2018年に再度イスラエルを訪れ、日本からツアーに参加した方々と、ツアーを引率したB.F.P Japanの高田局長と合流してイスラエル建国記念式典へ共に参加しました。そこで、高田局長が『2020年イスラエル建国記念式典で歌おう』企画を提唱されましたが、コロナにより国境が封鎖され、イスラエルの入国制限、式典中止に伴いツアーも断念せざるを得ませんでした。



Blessing Zion 2023 メンバー



―――Blessing Zion 2023の企画の始動から、先日のコンサート実現までの道のりをお話しいただけますか。


2022年に、『2020年イスラエル建国記念式典で歌おう』企画は『Blessing Zion 2023』として再始動しました。そして同時期に起こったロシア侵攻以来、多くのウクライナ人がポーランドに避難している事を知り、歌うことで心の支援になれないかと考えはじめました。そこで、ポーランドやウクライナで現地支援をしている人々にB.F.P. Japanが直接連絡を取り、現地で活動するジャームラバンドとコラボコンサート開催の運びとなったのです。2016年に続き2度目の「命の行進」にも参加することができました。


また、B.F.P. Japanと15年に渡って友情を育んでいるマーチ・オブ・ザ・リビング(MOL)がイスラエル建国75周年記念式典の主催団体であったため、今回の参加が実現しましたがその関係で、B.F.P本部と繋がりの深いイスラエル北部カルミエル市でもコンサート開催が実現しました。そして、ついに4月16日、Standing together 2023の皆さんはポーランドとイスラエルに向けて出発しました。


Photo: Michio Nagata/Bridges for Peace.com

―――「命の行進」に2度参加をして、どのように感じられましたか?


初回は悲惨な運命の犠牲者への追悼という気持ちでしたが、今回の訪問で、凄惨な歴史を乗りえて「生きていく事」の大切さ、そして命の尊さを伝える意味での「命の行進」であるということを理解しました。


―――ポーランドのクラコフ日本美術技術博物館マンガ館でのコンサートはどうでしたか?


Photo: Michio Nagata/Bridges for Peace.com

ポーランドでのコンサートは超満員、立ち見が出るほどの盛況となりました。ウクライナ難民の方々、ポーランド在住ユダヤ人、ポーランド人、在ポーランド日本国大使館ご夫妻、またイスラエルからはハイファ地区元市議会議長たちなども遠路はるばる駆け付けてくださいました。

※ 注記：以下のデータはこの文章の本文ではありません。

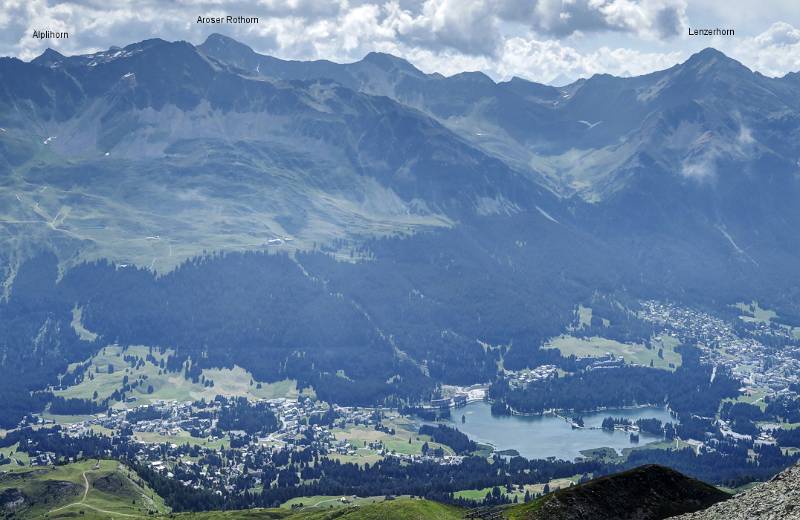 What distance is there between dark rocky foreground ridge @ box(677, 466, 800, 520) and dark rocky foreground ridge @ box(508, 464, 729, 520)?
31005 millimetres

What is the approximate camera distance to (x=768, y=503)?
118 meters

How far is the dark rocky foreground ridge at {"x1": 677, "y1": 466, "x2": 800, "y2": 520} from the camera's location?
113 metres

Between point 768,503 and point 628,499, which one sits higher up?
point 628,499

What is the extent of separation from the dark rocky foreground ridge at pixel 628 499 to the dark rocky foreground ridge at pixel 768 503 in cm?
3100

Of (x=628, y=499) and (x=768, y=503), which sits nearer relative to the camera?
(x=768, y=503)

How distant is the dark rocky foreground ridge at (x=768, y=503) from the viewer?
113 meters

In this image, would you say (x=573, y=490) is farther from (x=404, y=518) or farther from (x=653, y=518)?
(x=404, y=518)

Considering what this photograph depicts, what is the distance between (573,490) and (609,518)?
7320 mm

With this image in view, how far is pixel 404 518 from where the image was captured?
7835 inches

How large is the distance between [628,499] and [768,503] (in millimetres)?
49086

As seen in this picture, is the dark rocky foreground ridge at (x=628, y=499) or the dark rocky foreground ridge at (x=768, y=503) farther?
the dark rocky foreground ridge at (x=628, y=499)

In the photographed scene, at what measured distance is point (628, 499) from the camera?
165500 mm

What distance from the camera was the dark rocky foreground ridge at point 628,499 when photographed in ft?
525

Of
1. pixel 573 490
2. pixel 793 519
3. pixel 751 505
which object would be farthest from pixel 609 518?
pixel 793 519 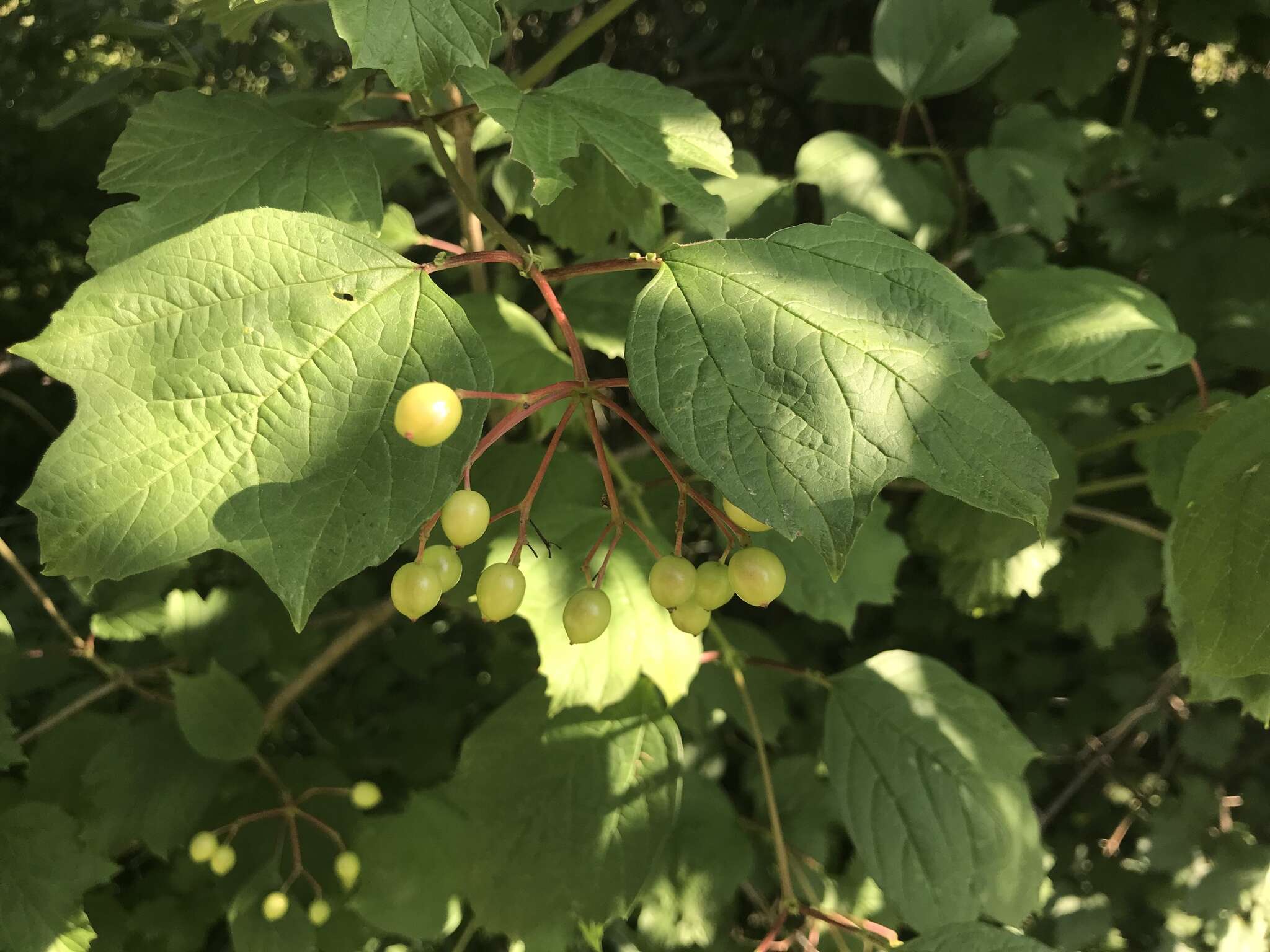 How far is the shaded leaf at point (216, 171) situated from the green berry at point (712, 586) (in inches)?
20.5

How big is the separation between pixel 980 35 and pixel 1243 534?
3.92 feet

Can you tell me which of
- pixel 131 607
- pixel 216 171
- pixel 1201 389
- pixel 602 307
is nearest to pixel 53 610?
pixel 131 607

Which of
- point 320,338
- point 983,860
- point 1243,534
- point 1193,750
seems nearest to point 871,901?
point 983,860

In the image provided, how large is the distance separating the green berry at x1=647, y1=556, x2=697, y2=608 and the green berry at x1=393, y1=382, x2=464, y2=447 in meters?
0.28

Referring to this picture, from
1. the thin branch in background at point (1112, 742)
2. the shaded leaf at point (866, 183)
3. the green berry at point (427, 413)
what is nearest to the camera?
the green berry at point (427, 413)

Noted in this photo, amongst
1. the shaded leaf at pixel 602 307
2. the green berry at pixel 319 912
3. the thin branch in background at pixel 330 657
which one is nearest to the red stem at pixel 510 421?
the shaded leaf at pixel 602 307

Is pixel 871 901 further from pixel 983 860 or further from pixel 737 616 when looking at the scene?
pixel 737 616

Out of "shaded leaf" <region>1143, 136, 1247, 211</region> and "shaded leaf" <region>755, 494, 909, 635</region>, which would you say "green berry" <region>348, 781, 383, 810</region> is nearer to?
"shaded leaf" <region>755, 494, 909, 635</region>

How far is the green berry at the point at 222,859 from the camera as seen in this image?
1.41 metres

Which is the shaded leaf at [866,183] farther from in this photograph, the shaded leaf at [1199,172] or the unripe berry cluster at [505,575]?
the unripe berry cluster at [505,575]

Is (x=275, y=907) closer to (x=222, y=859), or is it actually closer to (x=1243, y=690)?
(x=222, y=859)

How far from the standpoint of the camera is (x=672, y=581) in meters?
0.83

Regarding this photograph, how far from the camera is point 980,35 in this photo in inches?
65.1

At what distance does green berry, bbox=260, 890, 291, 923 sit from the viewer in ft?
4.59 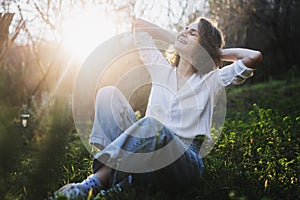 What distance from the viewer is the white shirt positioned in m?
2.37

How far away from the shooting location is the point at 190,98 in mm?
2475

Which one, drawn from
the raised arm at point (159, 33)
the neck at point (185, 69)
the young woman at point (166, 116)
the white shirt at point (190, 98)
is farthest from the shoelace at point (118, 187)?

コンサートは、参加者すべてが「ひとつ」となり、共に主の喜び、慰め、癒やし、平和、そして希望を体験し、最後はみんなでハティクバ(イスラエル国歌)を大合唱しました。アンコールが止まらず、ジャームラバンドの演奏で「Oseh Shalom(オセ・シャロム、イスラエル民謡)」を会場中の人たちと歌い、音楽で国境も、人種も、文化も超えて、心がひとつになったのを感じる瞬間でした。


Photo: Michio Nagata/Bridges for Peace.com

―――イスラエル建国75周年記念式典でのコンサートについてもお話しいただけますか。


会場には1万人近い人たちが押し寄せていました。著名人や政府関係者のスピーチの他、演奏や花火、ドローンによる光の演出で会場が大きく賑わう中、いよいよ私たちの出番となり、法被に身を包んだ日本人30数名が舞台へと上がりました。和太鼓や尺八などの和楽器と、ダンスミュージック風の賑やかなアレンジでAl Kol Eleh(アルコルエレ、1980年代のイスラエルのヒット曲)が流れ始めると、大歓声が上がり、会場のみんながジャンプしながらの大合唱となりました!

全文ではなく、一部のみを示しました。